I had the pleasure to listen very interesting podcast where Scott Hanselman and Quetzal Bradley discussed unit testing named "Testing after Unit Tests". To increase the Google Karma of the information discussed I have decided to rehash and sum up few main ideas of this discussion.
Quetzal introduced the idea of "negative coverage" - meaning that if you have 88 % test coverage, you should not see this as something positive you have achieved, but as something missing (you miss 12 % of completion) - thus the title of this post.
He also offered very nice mental model of unit tests: see all possible paths through your code as network of roads in a state. Your unit tests are like taking small car and start driving through these roads. If you go through 88% of the roads, you can at least tell that all these roads and bridges are finished and passable with the small car driving at normal speed, that there are no fallen trees on the road and so on.
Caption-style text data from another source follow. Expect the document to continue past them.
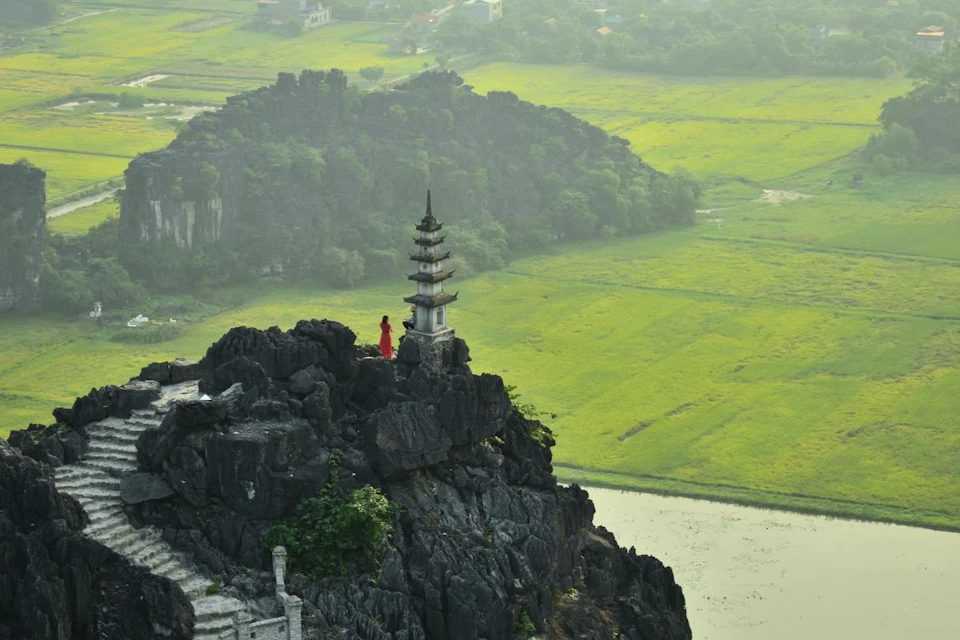 A person in a red dress stands on a rocky mountain ledge beside a pagoda, overlooking expansive green fields.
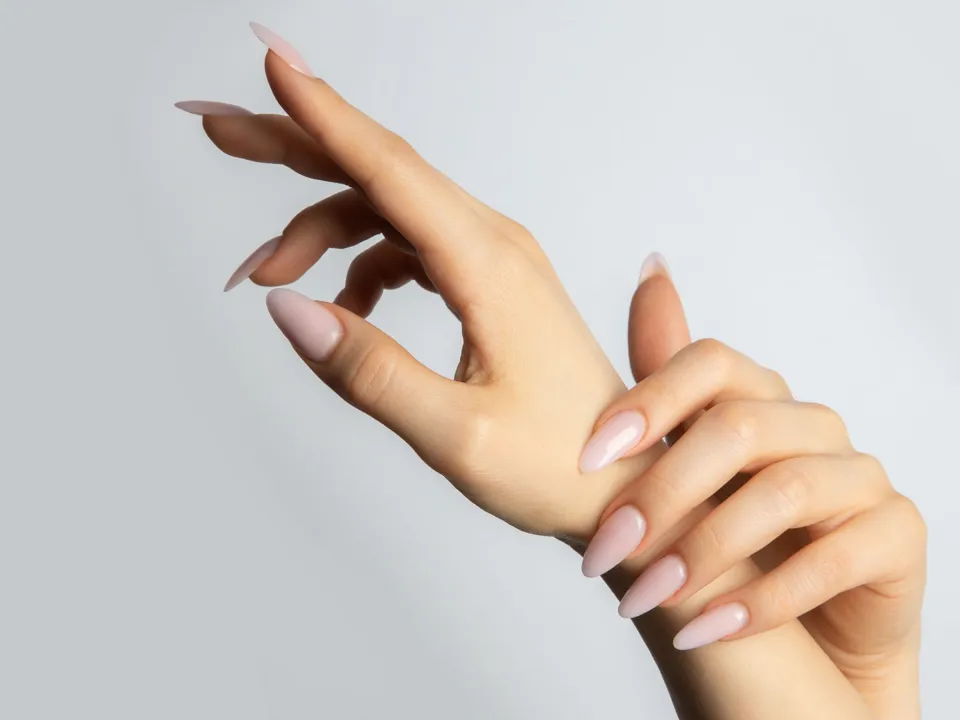 Hands with almond-shaped nude gel nails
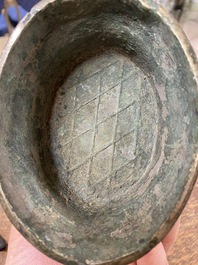 A Chinese archaic bronze ritual 'you' wine vessel and cover in Western Zhou-style, Ming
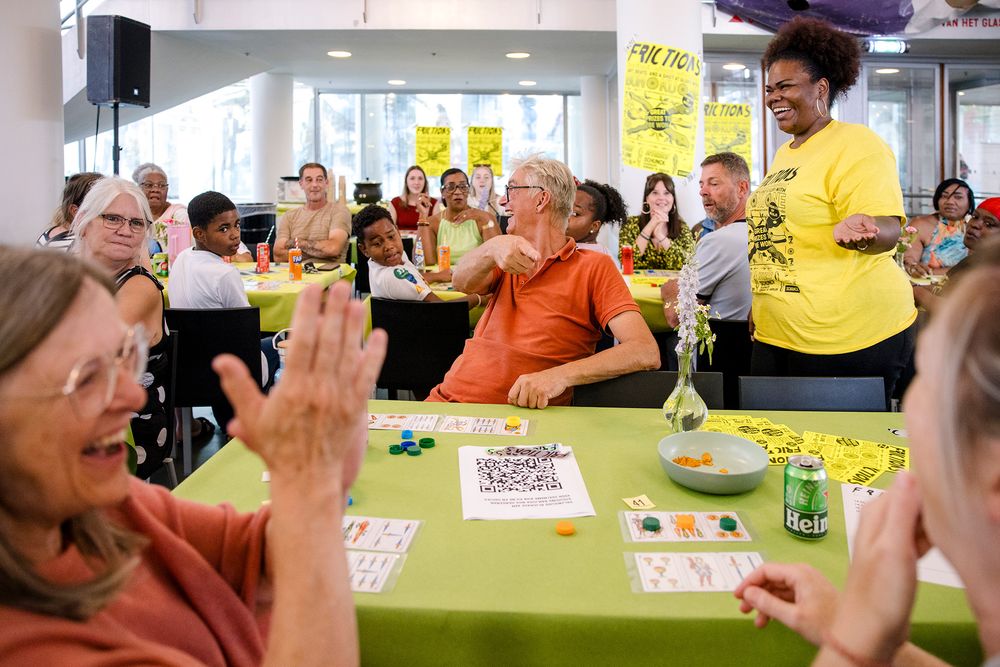 Mensen van verschillende leeftijden zitten aan tafels met groene tafelkleden en spelen enthousiast het spel Bon Ku Ne tijdens Frictions Festival #9; een vrouw in een geel T‑shirt staat lachend tussen de deelnemers, terwijl anderen klappen, lachen en met elkaar praten in een lichte zaal vol gele posters en vrolijke sfeer.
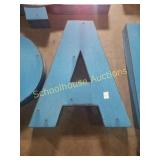 Blue Metal letter A sign.  About 24 inches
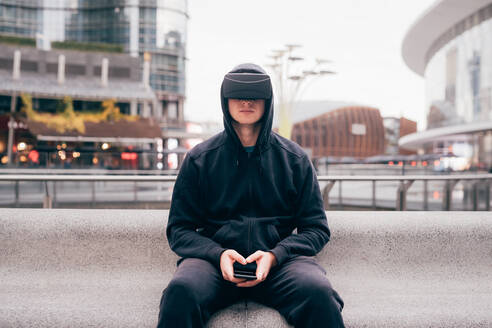 Italien, Mann mit VR-Brille sitzt auf Mauer in Stadt - ISF25540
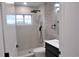 Modern bathroom with gray tile and black fixtures at 15267 Appleton Blvd, Port Charlotte, FL 33981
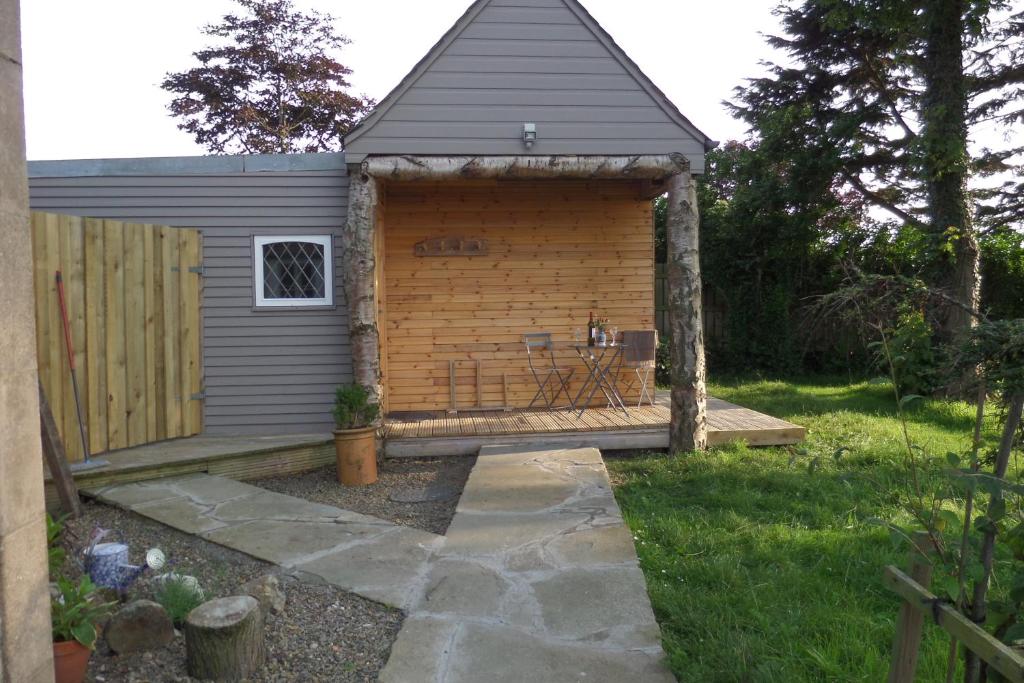 a small shed with a patio in a yard at Charming 1-Bed Garden Lodge in Boyndie Banff in Banff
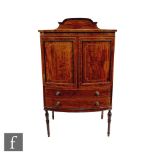 An Edwardian inlaid bowfront mahogany music cabinet enclosed by a pair of doors above two drawers,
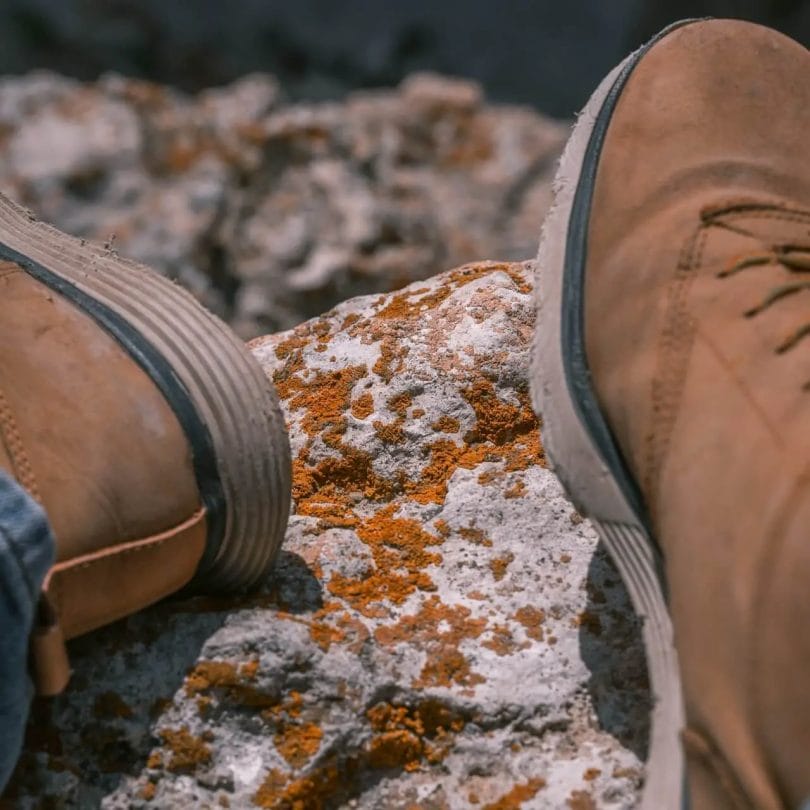Close up details of design features of a pair of boots on a rock during hiking excursion.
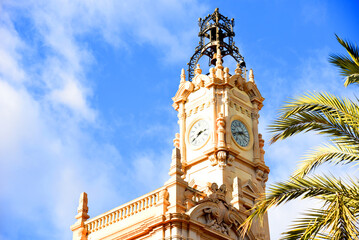 Fototapeta na wymiar Clock tower building. Large clock tower with hour hands that shows the time of day and night. Clock tower against the background of palm trees and blue sky. Clock tower. Clocks with time on building.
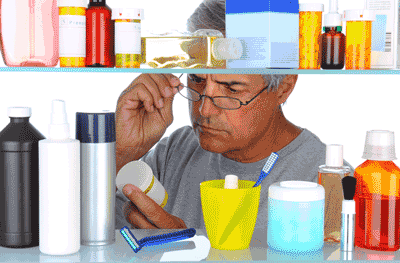 Photo of man looking at medications in his medicine cabinet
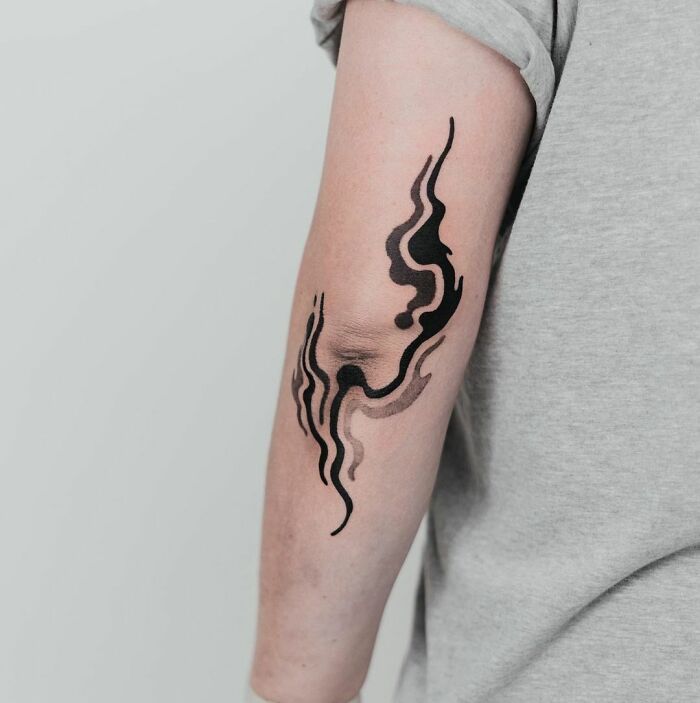 Abstract black ink design as an elbow tattoo on a person's arm.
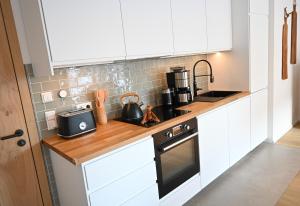 a kitchen with white cabinets and a stove top oven at FEWO RISSERKOGEL das Original mit großem Garten in Bad Wiessee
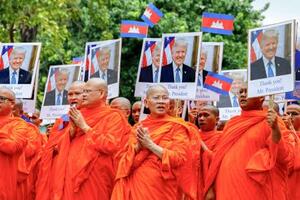 トランプ米大統領の写真を掲げ行進する僧侶=10日、カンボジア・プノンペン(ロイター=共同)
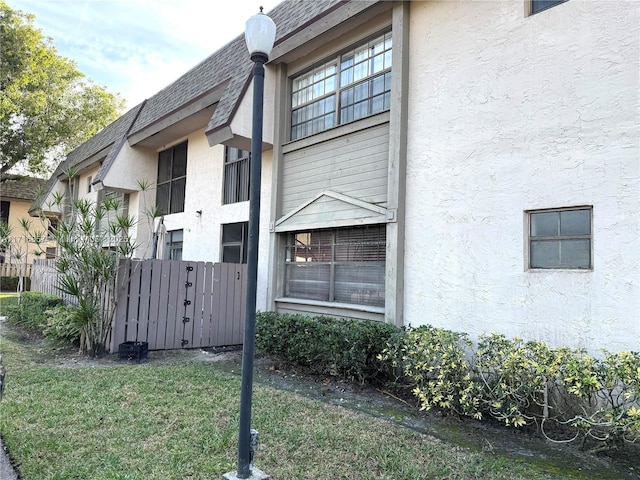 view of home's exterior with a yard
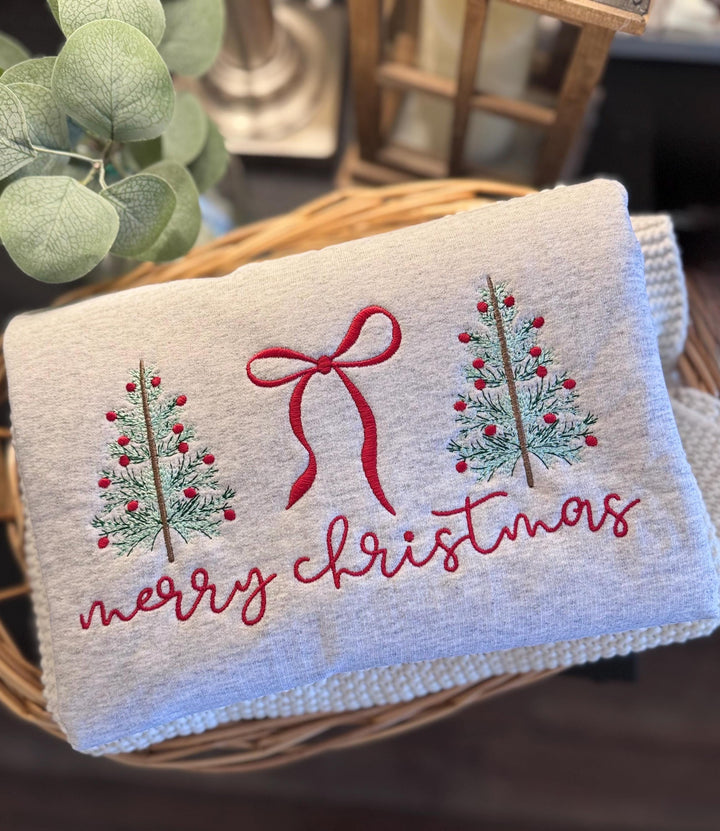 ash gray Gildan sweatshirt with embroidered Christmas trees, bow and merry Christmas text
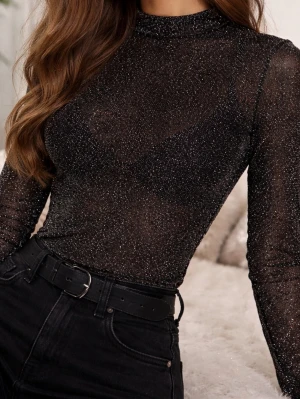Glittrig svart polotopp Gina Tricot XS - Säljer en svart långärmad polotopp från Gina Tricot i storlek XS. Toppen är glittrig med en tunn, transparent look och har en tight passform. Perfekt till nyår!!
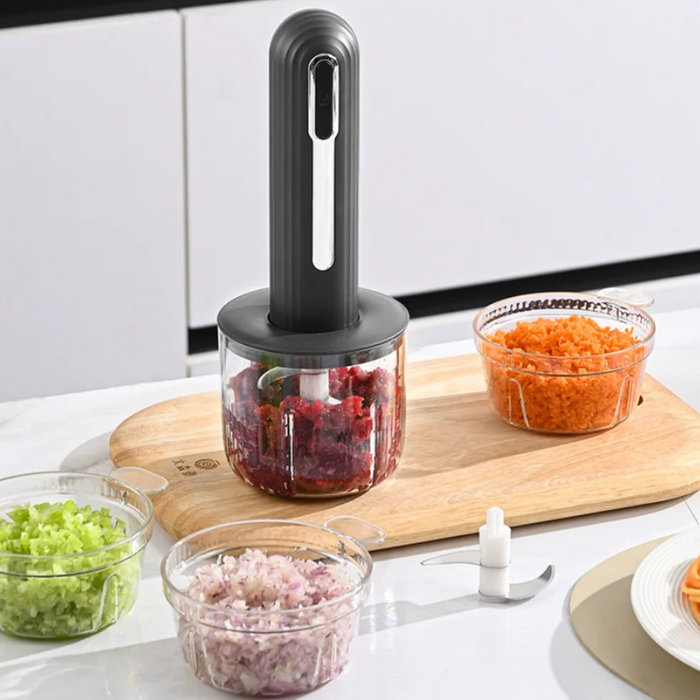USB rechargeable food processor blender shown on a kitchen counter with detachable blades, glass bowls filled with minced meat, chopped mushrooms, and grated carrots.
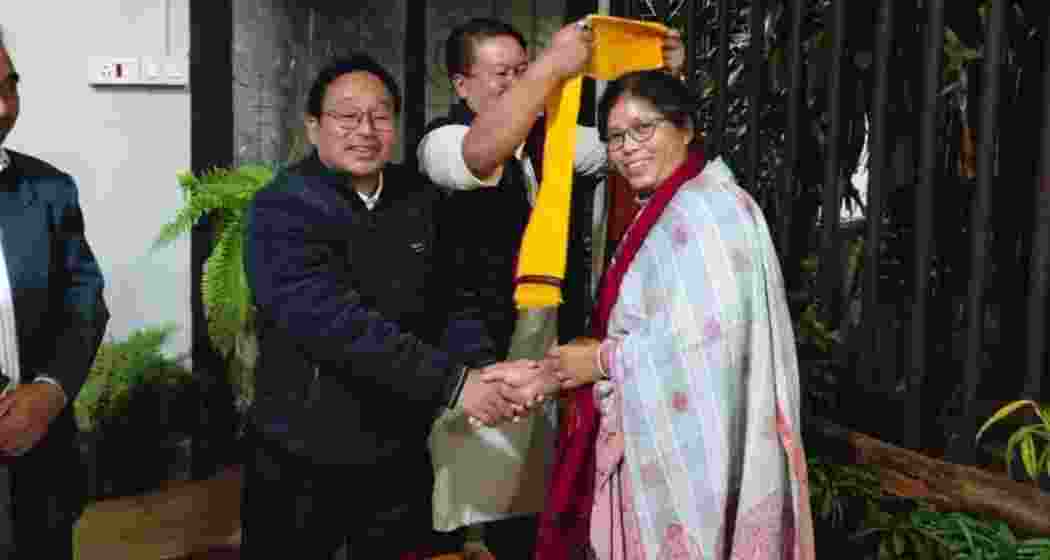 Nandita Garlosa joins Congress at Haflong, alongside state secretary Nirmal Langthasa and other leaders, ahead of Assam assembly elections scheduled for April 9.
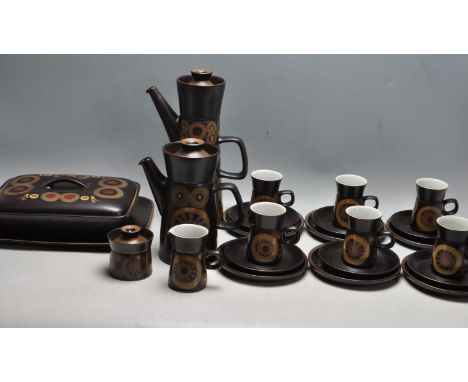 A vintage retro 1970's Denby Arabesque pattern coffee service having a brown glaze with concentric circle decoration, consist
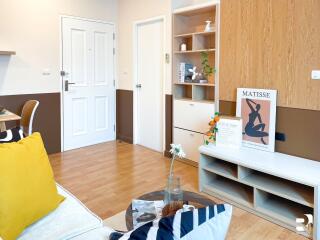 Modern living room with wooden floor, white door, shelving, and art decorations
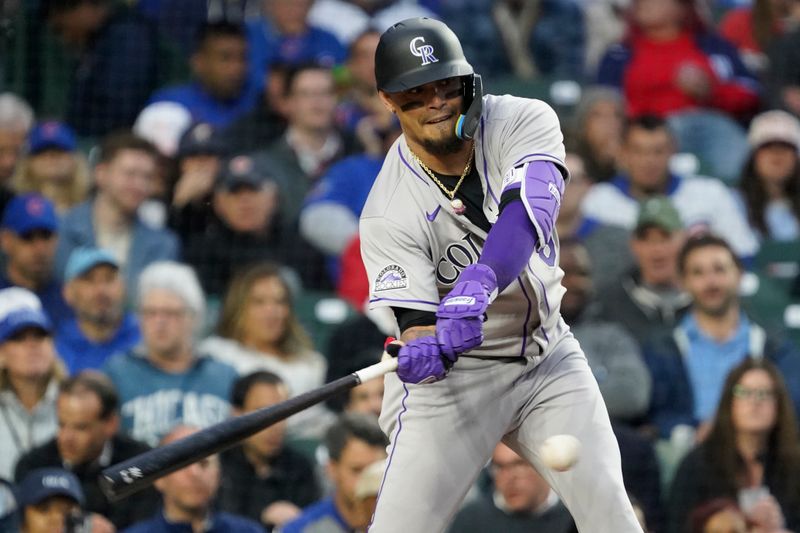 May 28, 2025; Chicago, Illinois, USA; Colorado Rockies designated hitter Orlando Arcia (8) hits a single against the Chicago Cubs during the third inning at Wrigley Field. Mandatory Credit: David Banks-Imagn Images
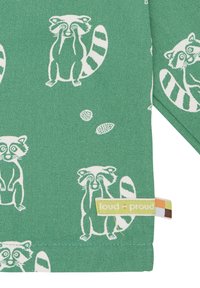 Tessuto verde con un motivo di procioni in bianco. Include un'etichetta "loud + proud" con un ACCENTO multicolore.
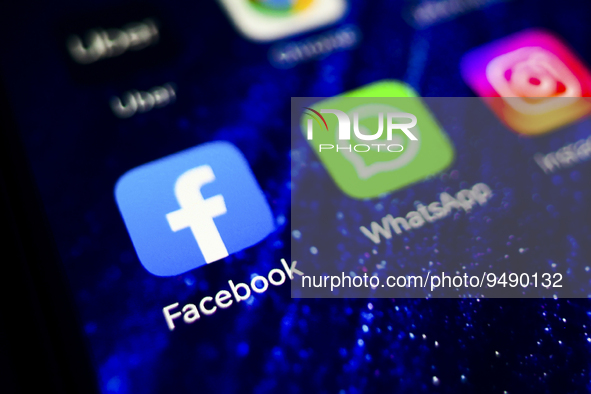 Facebook and WhatsApp logos are displayed on a mobile phone screen for illustration photo. Krakow, Poland on January 23, 2023. 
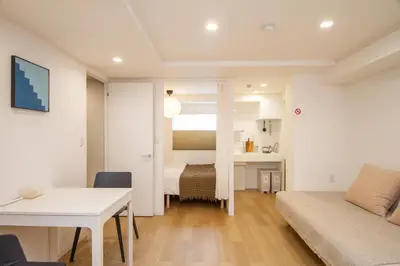 a small living room with a bed and a table and a couch at M House Tokyo Omori\u99c5 in Tokyo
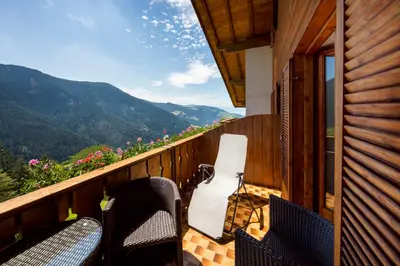a balcony with chairs and a view of a mountain at Thalerhof Tiers in Tires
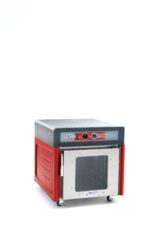 The Metro C543X-ASFC-U Insulated Holding Cabinet in red and gray has a full-length clear door, control knobs, operates at 220-240V, and is mounted on wheels for mobility. It is set against a plain white background.
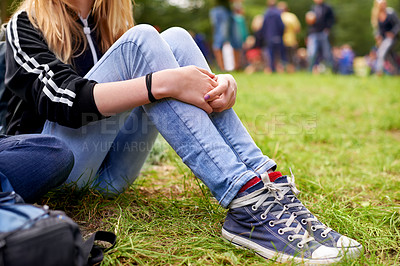 Buy stock photo Legs, shoes and person on grass closeup outdoor at event, festival or social gathering in green nature. Party, ground or field with casual woman sitting in forest, park or woods for entertainment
You cannot say anything about the remaining 12 % roads and bridges you have not visited. They may not exist at all - or be only half finished. You simply do not know.
It is also important to understand that you do not now how many those 88% tested roads will still be OK when you try to drive through with a 18 wheeler truck - or at 250 km/h in a sports car (feel free to fill in your favorite racing car make ...).
The parallel goes even further in matching the "freeways" and side roads with main execution paths vs sideroads (you have to take freeway in order to get to the sideroad) - but to get all, get a podcast, load it to your iPod (or Zune ;-)) to find out more.
I keep listening to Hanselminutes because I like the content and the style and also to keep a tie to Microsoft world during the periods I am working outside of .NET (like in last 10 months). But even if you are not developing in Microsoft environment, many episodes of Hanselminutes very often bring ideas with much wider applicability. This is one of them.